I'm going to experiment further but does anyone have any thoughts? The Javadocs don't help as they don't really define what should happen. @ianroberts any thoughts as you are as likely as anyone to know what this should do, versus what it does do.

ianroberts commented 3 years ago

Changing setContent to call edit looks like it shouldn't break anything - the document formats always set the content before creating any annotations, so a call to document.edit(0, docLength, newcontent) basically boils down to a call to edit on the original DocumentContent, which replaces the old string with a new one. It might be sensible to put a special case optimisation in DocumentContentImpl.edit so that when you give it offsets that cover the whole of the current content then it can bypass the StringBuffer bit and simply copy the new content's String by reference.

What PRs do we have that call Document.setContent rather than using the edit method anyway?

greenwoodma commented 3 years ago

So technically it's not a PR but the app we use for the OCR service on cloud. When it spots the document is a Base64 encoded image it sends that to the service and then when it gets text back replaces the document content with the ocr text. I spotted this problem when testing that as it appeared to be doing nothing at all.

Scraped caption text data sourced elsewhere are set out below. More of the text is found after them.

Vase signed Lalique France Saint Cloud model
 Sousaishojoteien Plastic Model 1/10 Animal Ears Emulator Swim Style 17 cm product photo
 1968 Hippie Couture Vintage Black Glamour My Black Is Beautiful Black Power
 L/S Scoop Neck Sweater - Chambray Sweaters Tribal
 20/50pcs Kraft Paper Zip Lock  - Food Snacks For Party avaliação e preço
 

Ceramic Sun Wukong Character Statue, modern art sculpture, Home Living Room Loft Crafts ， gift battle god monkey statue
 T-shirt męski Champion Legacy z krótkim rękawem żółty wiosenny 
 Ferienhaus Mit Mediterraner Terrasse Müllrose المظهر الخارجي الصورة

Having dug around a bit further I think that if I changed it to be a proper edit I might break the UIMA document format. It seems to set the content but then continue to use annotations from original markups, but these would have disappeared if the content was an edit (I think). I'll try and test that and see for sure, but I'm tempted just to do the variable swap as we do currently and then fire the content edited event to update the UI rather than making it an actual edit just to be on the safe side.

greenwoodma commented 3 years ago

I'm going to close this as "wontfix". This is partly as the code I had should really have been using edit anyway, and I don't want to risk changing the behaviour of such a long standing method without being able to fully test all the places it might have been used.